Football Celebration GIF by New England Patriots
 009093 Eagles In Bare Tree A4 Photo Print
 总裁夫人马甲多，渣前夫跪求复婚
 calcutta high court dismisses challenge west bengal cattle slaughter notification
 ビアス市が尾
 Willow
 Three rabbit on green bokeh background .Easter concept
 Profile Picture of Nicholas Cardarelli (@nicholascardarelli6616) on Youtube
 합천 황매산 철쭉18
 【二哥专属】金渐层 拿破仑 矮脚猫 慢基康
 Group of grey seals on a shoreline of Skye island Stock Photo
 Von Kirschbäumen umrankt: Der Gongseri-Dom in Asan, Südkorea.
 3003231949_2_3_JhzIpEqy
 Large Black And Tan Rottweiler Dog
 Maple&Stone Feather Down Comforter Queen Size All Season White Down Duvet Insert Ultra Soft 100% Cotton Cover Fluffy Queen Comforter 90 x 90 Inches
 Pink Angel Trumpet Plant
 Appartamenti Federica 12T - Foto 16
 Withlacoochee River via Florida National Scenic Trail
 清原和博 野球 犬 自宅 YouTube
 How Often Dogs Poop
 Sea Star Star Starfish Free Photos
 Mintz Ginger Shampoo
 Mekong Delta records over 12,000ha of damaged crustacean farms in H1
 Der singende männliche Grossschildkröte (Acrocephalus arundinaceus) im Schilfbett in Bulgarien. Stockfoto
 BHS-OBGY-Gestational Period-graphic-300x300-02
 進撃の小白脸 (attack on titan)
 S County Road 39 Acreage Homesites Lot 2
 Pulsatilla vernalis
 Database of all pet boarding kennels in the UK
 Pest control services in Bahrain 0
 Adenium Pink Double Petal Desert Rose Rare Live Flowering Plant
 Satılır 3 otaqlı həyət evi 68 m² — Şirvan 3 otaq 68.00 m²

### About this task
Reproduce exactly the stretch of the material above that starts at the line with "Mekong Delta records" and ends at the line with "Pulsatilla vernalis", both included, and nothing else.

### Exercise answer
 Mekong Delta records over 12,000ha of damaged crustacean farms in H1
 Der singende männliche Grossschildkröte (Acrocephalus arundinaceus) im Schilfbett in Bulgarien. Stockfoto
 BHS-OBGY-Gestational Period-graphic-300x300-02
 進撃の小白脸 (attack on titan)
 S County Road 39 Acreage Homesites Lot 2
 Pulsatilla vernalis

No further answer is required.